Que diremos, pois, se Deus, querendo mostrar a sua ira e dar a conhecer o seu poder, suportou com muita longanimidade os vasos de ira, preparados para a perdição, a fim de que também desse a conhecer as riquezas da sua glória em vasos de misericórdia, que para glória preparou de antemão, os quais somos nós, a quem também chamou, não só dentre os judeus, mas também dentre os gentios? (V. 22-24)
Nenhuma
outra explicação poderá ser dada a comparação/exemplo que o apostolo se
utilizou, a não ser a que ele declara nos versículos 22-24. Paulo procura enfatizar que os endurecidos são objeto da ira divina – a expressão “esses
vasos de ira [...]” encontra-se no genitivo de destino – ou seja, Deus
direciona a sua ira aqueles que já são, de fato, vasos de ira. Não é o
endurecimento do homem a causa da ira de Deus, mas a ira de Deus é a causa desse
endurecimento. Por isso, os judeus não poderiam encontrar injustiça em Deus,
nem tão pouco poderiam cogitar a ideia de que nos endurecidos não havia culpa,
pois, conforme Armínio salienta: “Ele não pode endurecê-los, a menos que eles
já tenham, por sua própria culpa, se tornado vasos da mais justa ira de Deus. A
Escritura toda ensina que o endurecimento é o efeito e o sinal da ira divina.
Por isso, a pergunta “Deus pode ficar irado com os endurecidos?” – é tola”[19]; A expressão “preparados para destruição” – se interpretada corretamente – ressalta
justamente isso [20].
Voz Média ou Passiva?
O
verbo ’Preparados’ (Gr: κατηρτισμένα) se
interpretado na voz média, expressa a ideia de que os vasos que são objetos da
Ira de Deus, prepararam-se a si mesmo para destruição (tendo preparados a si
mesmo para destruição), em detrimento na voz passiva, que expressaria a ideia
de que Deus os prepara para destruição (tendo sidos preparados por Deus para destruição).
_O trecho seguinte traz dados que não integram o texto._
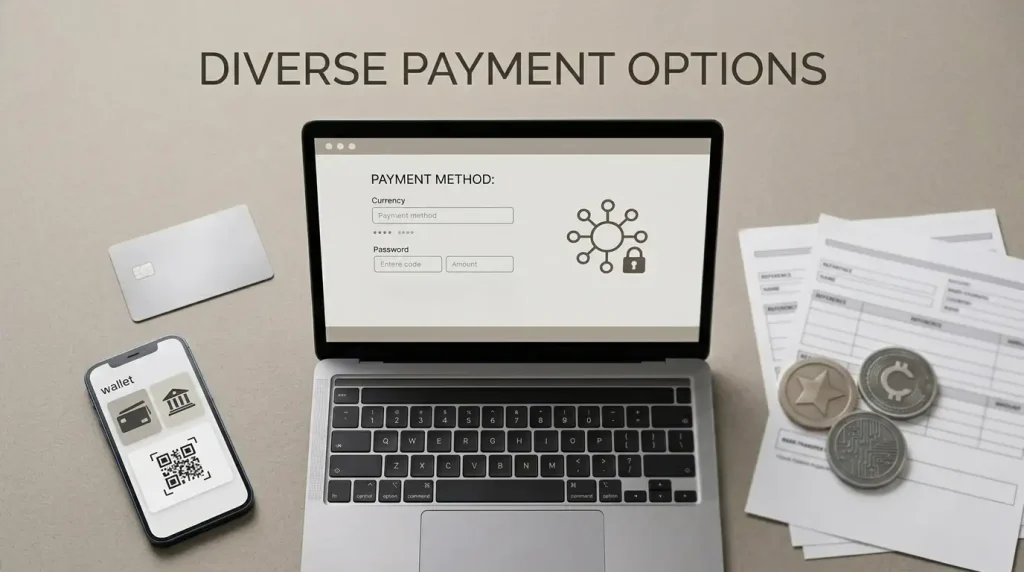 Payment cards, digital wallets, bank transfer symbols and cryptocurrency tokens arranged around a neutral payment screen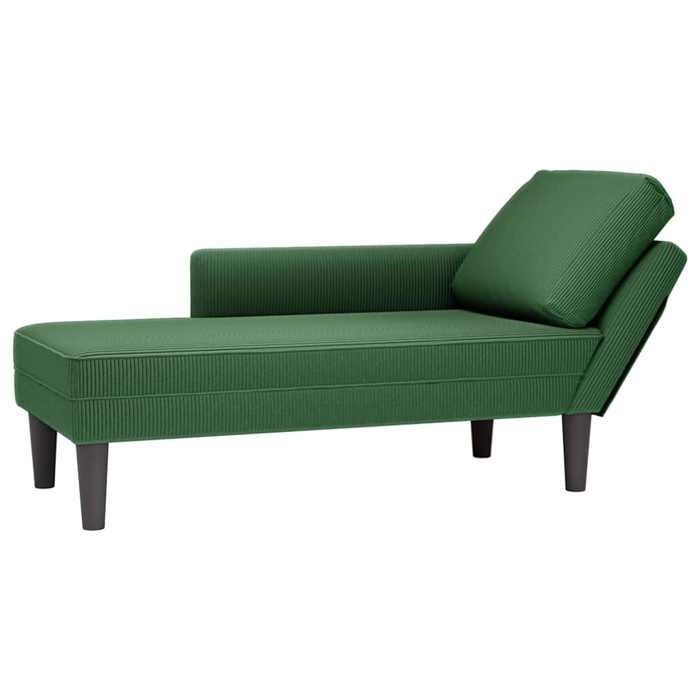 Meridienne salon-Chaise longue - avec coussin vert jungle tissu en velours côtelé - Fauteuil relax@660235 Meridienne salon-Chaise longue - avec coussin vert jungle tissu en velours côtelé - Fauteuil relax@660235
Primeiro, é importante ressaltarmos que
vários sínodos condenaram como heréticos algumas interpretações
“contemporâneas” baseadas na perícope 22 de Romanos 9. Carlos A. Vailatti
comenta: (1) A noção de que os perdidos se perdem pela vontade de Deus e de que
Deus destina uns à morte e predestina outros à vida foi condenada pelo Sínodo
de Arles (473 d.C.); (2) A crença de que algumas pessoas tenham sido
predestinadas ao mal foi anatematizada pelo II Sínodo de Orange (529 d.C.); (3)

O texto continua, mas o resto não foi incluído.